The man the deputies apprehended on this night was wearing a wristband, not uncommon in cases of human trafficking, Martinez said.
“They get labeled on the Mexican side of certain cartels, label them with certain sayings, certain words, where they identify where they're coming from once they cross the border. That way, whenever they get to their destination on the American side, they basically know how much to charge where they're coming from,” he said.
That’s the only apprehension the KENS 5 crew saw in person during part of the overnight shift.
But it didn’t take long for the Sheriff’s Office to pull up a couple of videos from the most recent chases, where several people could be seen pilling out of a car when pulled over and running in every direction.
“We have to take down the bad guys,” Del Bosque said.
Del Bosque grew up in the area and spent his life in law enforcement. He was just elected sheriff in January.
“It's like almost every day we're in a chase or we're assisting,” he said.
According to the statistics provided by the Zapata County Sheriff’s Office, the department was involved in 19 high-speed chases in all of 2020, and 13 high-speed chases so far in 2021, starting in January. The average speed of those is 90 miles per hour.
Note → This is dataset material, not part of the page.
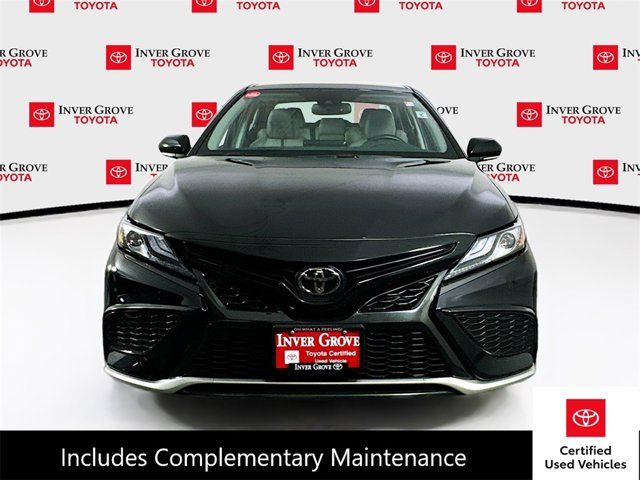 2024 Toyota Camry XSE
Zapata County Sheriff’s office also told KENS 5 it turned over 51 people to U.S. Border Patrol in 2020 and 72 people so far in 2021.
According to the statistics provided by Zapata County Sheriff’s Office, in 2020, it seized $52,773 and 2,496 pounds of marijuana. In 2021, the agency seized $3,764 and 3.671 pounds of marijuana.
“The criminal element is resorting more to human smuggling,” he said, “We do care. It does play a toll on us when we see a vehicle wreck and it has 10 to 15 people in it where we have to pick them up off the ground and try to find their families, call the Mexican consulate. It's just devastating because these people, some of them are good people trying to get the American dream, but not everybody's good. And that's life.”
The quiet of this night was deceiving. Zapata County deputies could be an hour or a day away from another chase. Part of the unpredictable, yet predictable life on the border.